各国中央銀行や国際通貨基金(IMF)など公的機関の2020年の金の買越量が、大幅に減少した。金の国際調査機関であるワールド・ゴールド・カウンシル(WGC)のリポートによれば、20年の買越量は前年比59%減の272・9トンと3年ぶりにマイナスに転じた。11年連続の購入超過となったが、コロナ禍による経済環境の悪化を受けて、近年の買い手の中心だった新興国で金を売却する動きが広がった。

中央銀行の多くは、資産のリスク分散を図るため、外貨準備の一部として換金性に優れる金を保有している。米中摩擦激化で経済不安が高まった19年の公的機関の金の買越量は、ドル・金の兌換(だかん)制度が廃止された71年以降で最高の668・5トンだったが、20年は大きく落ち込んだ。

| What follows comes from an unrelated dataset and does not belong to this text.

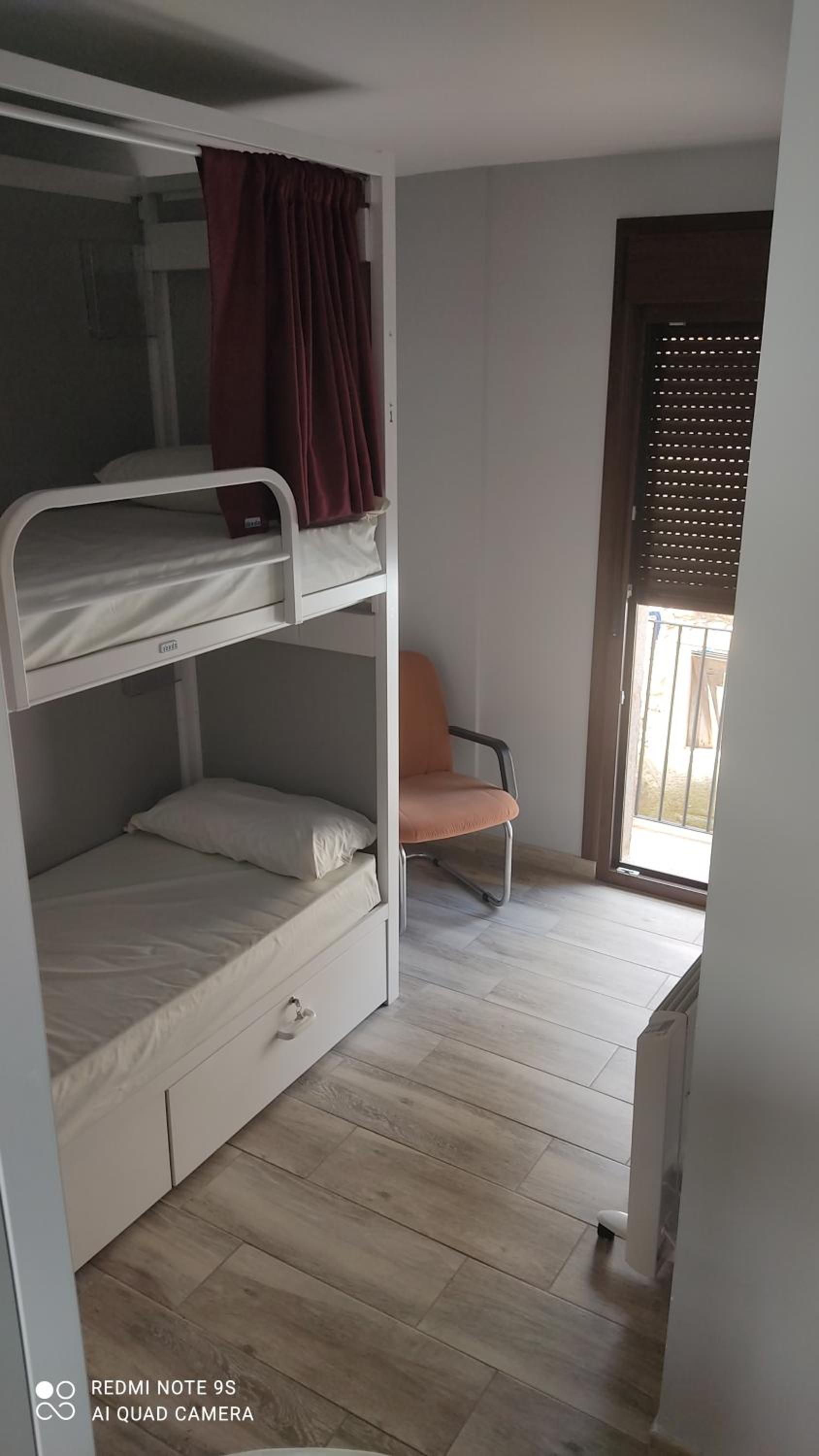 Bed in 6-Bed Mixed Dormitory Room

近年の大口の買い手だったロシアは、年間通じて買い越したが年央から売却量を増やしたほか、モンゴルやウズベキスタンなどが年間で売り越した。WGCはリポートで「一部の中央銀行は(コロナ禍の影響で)苦しい経済を支援するために、(金の売却で)流動性を得た」と指摘する。

一方、トルコやインド、アラブ首長国連邦(UAE)などは引き続き買い越しとなり、新興国中銀の金需要には根強さもある。20年はコロナ禍による景気悪化が中銀全体の金需要を抑え込んだが、「21年は景気回復が進めば、中銀の金購入も回復に向かう」(WGCの森田隆大顧問)との見方がある。